Figure 10.5. Horse chromosomes 64, XX. One of the X-chromosomes has two q-arms. It was always inactive.

Sex-chromosome errors in mares: Mares with XY sex-chromosomes are fairly common in some of the half-breeds. They are not fertile. There also occur a fair number of mares with XO or XXX sex-chromosome constellations. Figure 10.5 shows chromosomes of a mare with an abnormal X chromosome, which is always inactive. It has two q-arms. The picture is provided by I. Gustavsson, The Swedish Agricultural University.

Auli Mäkinä, at the university of Helsinki has a good survey over chromosome aberrations in the horse.

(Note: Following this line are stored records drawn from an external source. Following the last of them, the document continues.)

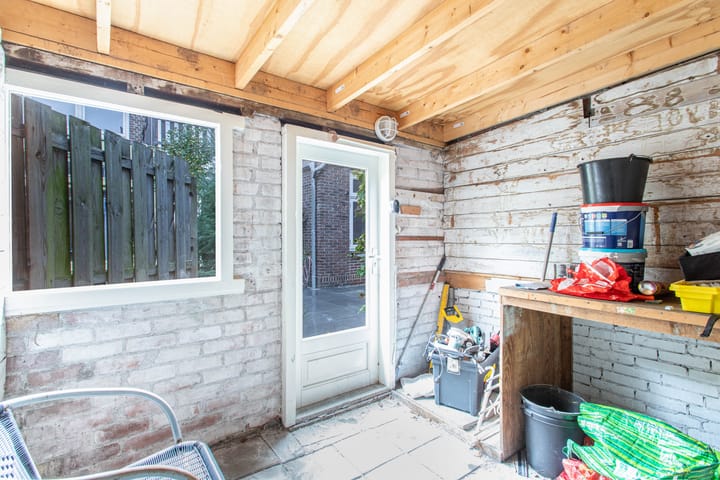 Foto 24 van De Lessepsstraat 69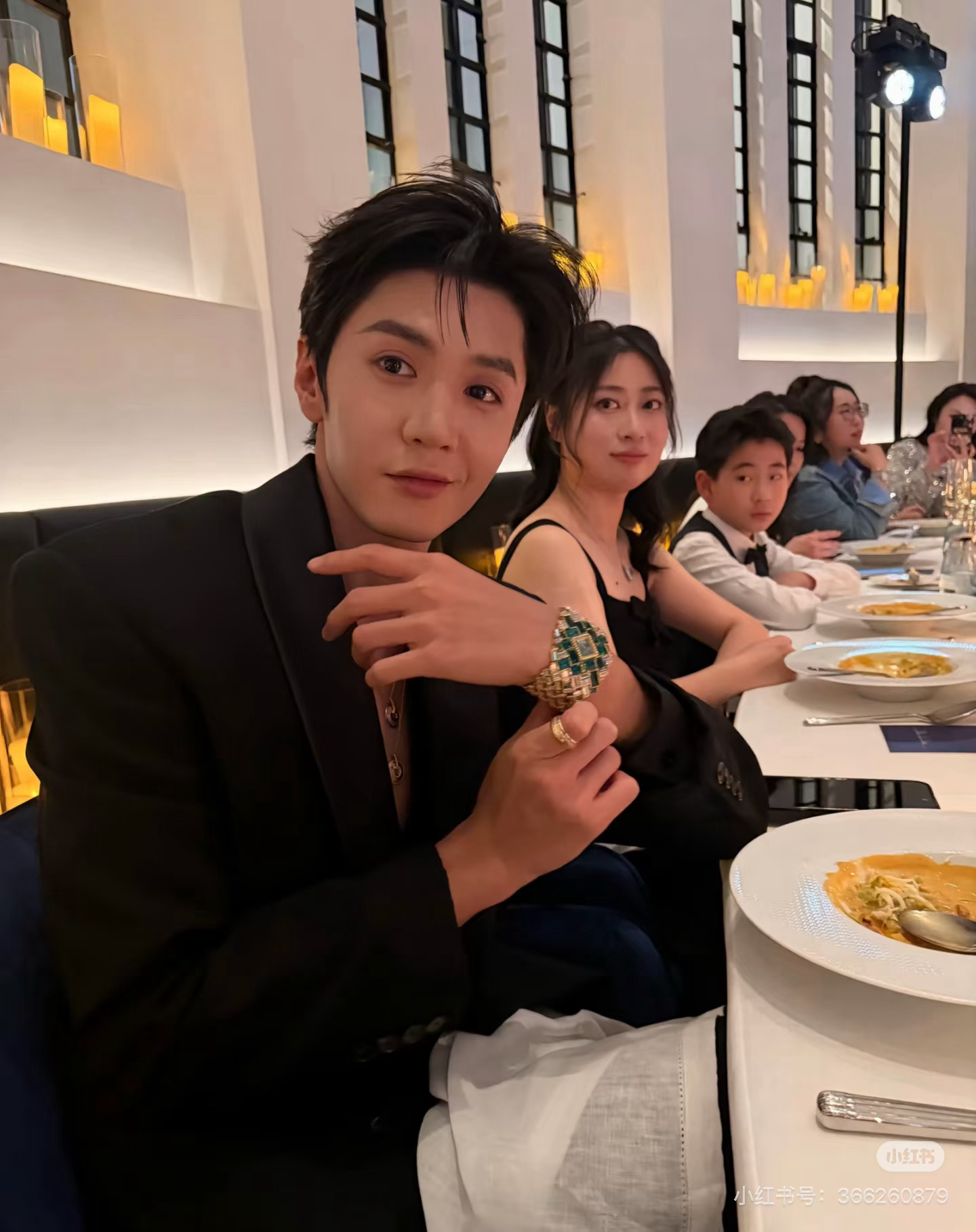 下辈子能不能让我当个富婆，到时候什么明星对我来说都是男模，随随便便就和九亿少女梦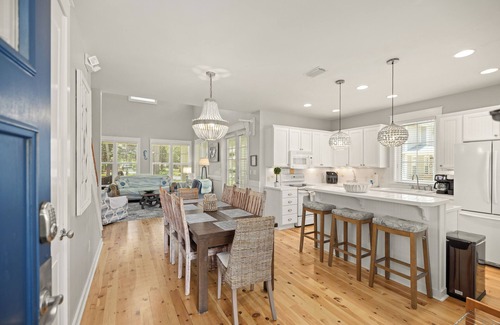 Laurel Grove House | New to VRBO-AMAZING home, Golf Cart +, FREE Activities, HEATED Pool & HotTub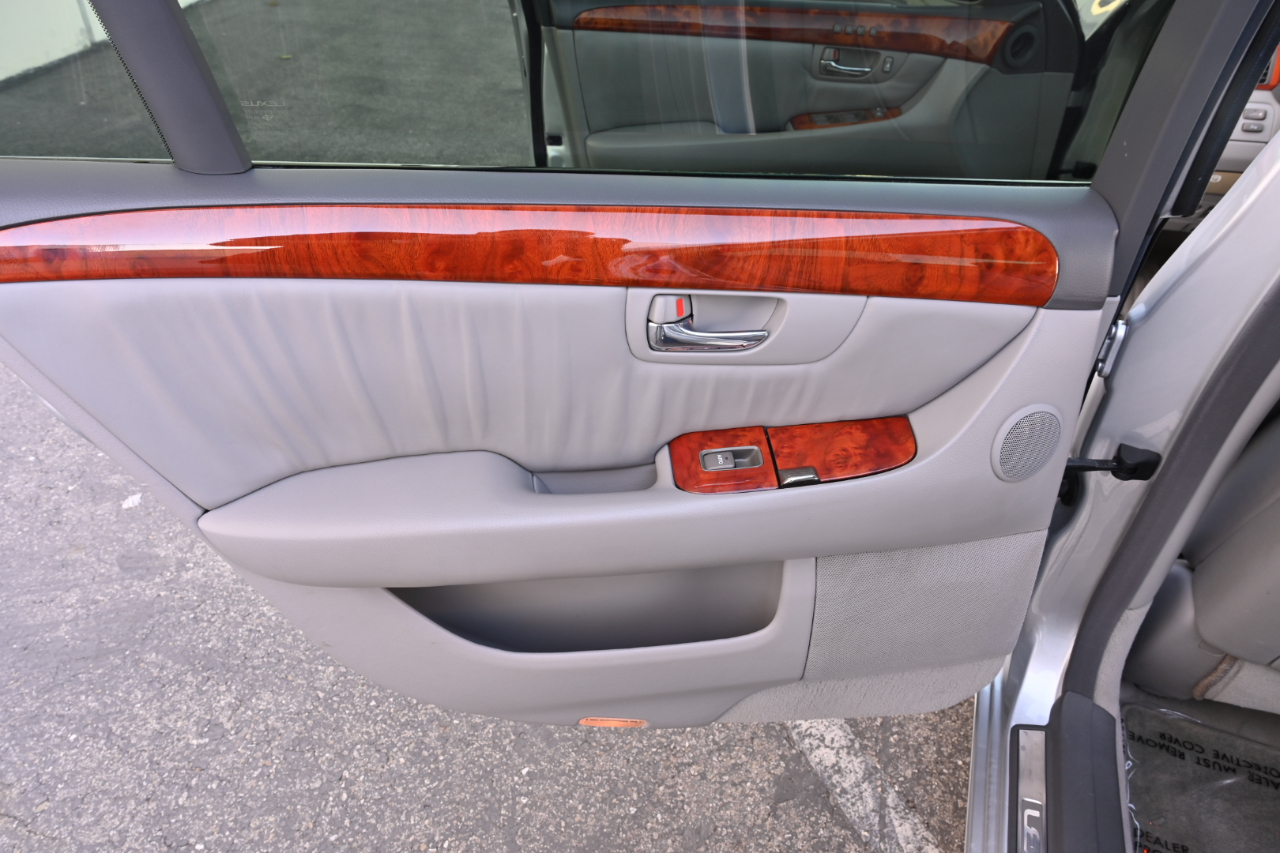 Lexus LS photo 22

Sister chromatid exchange (SCE)
Cells which are grown for two cycles, BrdU being added in the first cycle, can reveal SCE. SCE can identify individuals with unstable chromosomes or be utilized for a mutagenity test. The number of SCE is proportional to the doses of the mutagene. Below are shown mink chromosomes carrying SCE. The SCE chromosome is also called Harlequin chromosome. The chromosomes, without occurance of SCE, show no breaks in the chromosome, i.e. it has two unbroken strings, one light and one darkly stained. Where SCE occurs the chromatids change their colour. For SCE to occur both strings of the DNA must have been broken to joint up with the opposite string.

Figure 10.6.
Mink chromosomes with 30 XY. Showing sister chromatin exchange (SCE).